Collection entries:
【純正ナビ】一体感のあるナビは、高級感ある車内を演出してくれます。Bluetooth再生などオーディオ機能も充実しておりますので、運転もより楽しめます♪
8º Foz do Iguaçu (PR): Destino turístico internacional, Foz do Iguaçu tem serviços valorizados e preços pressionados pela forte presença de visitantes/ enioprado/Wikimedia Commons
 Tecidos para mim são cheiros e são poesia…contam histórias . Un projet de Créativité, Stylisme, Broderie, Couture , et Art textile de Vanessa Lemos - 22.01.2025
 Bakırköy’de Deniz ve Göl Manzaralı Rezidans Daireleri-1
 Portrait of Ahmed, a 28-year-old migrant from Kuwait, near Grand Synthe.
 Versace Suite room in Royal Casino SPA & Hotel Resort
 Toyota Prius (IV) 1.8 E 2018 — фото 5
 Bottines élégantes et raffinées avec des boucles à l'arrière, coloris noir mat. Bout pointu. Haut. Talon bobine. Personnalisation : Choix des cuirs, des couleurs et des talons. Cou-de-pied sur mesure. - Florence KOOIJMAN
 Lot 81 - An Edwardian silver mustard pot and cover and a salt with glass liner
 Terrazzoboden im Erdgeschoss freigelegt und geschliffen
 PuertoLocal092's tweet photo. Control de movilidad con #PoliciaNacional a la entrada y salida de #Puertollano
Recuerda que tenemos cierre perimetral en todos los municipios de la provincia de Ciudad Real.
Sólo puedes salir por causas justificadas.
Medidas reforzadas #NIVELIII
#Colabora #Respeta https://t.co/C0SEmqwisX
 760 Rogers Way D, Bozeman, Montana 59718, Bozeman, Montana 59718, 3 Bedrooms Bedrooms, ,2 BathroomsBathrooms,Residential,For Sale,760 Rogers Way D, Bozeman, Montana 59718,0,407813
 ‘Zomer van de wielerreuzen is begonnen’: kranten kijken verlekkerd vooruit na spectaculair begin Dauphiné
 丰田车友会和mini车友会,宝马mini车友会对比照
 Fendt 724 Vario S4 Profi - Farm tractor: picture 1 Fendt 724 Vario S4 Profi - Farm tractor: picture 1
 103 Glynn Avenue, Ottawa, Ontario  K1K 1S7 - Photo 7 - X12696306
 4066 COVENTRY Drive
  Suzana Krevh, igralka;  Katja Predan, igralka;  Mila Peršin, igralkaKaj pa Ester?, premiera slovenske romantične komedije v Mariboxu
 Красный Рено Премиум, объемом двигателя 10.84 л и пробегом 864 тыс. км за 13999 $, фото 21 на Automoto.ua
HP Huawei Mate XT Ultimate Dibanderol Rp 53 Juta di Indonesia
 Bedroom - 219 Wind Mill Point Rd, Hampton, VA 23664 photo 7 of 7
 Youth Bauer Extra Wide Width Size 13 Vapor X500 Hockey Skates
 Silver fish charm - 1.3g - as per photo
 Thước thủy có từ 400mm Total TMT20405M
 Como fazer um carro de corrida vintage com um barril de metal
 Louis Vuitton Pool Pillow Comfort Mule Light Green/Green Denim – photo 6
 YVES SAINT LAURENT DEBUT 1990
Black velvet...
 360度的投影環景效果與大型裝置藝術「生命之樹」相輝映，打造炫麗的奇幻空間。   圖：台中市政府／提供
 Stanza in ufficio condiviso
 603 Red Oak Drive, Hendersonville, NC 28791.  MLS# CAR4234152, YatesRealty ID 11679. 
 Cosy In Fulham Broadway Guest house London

PROBLEM: Using the data above, print exactly the lines from the line that contains "spectaculair begin Dauphiné" through the line that contains "Suzana Krevh, igralka;", with both included.

PROBLEM SOLUTION:
 ‘Zomer van de wielerreuzen is begonnen’: kranten kijken verlekkerd vooruit na spectaculair begin Dauphiné
 丰田车友会和mini车友会,宝马mini车友会对比照
 Fendt 724 Vario S4 Profi - Farm tractor: picture 1 Fendt 724 Vario S4 Profi - Farm tractor: picture 1
 103 Glynn Avenue, Ottawa, Ontario  K1K 1S7 - Photo 7 - X12696306
 4066 COVENTRY Drive
  Suzana Krevh, igralka;  Katja Predan, igralka;  Mila Peršin, igralkaKaj pa Ester?, premiera slovenske romantične komedije v Mariboxu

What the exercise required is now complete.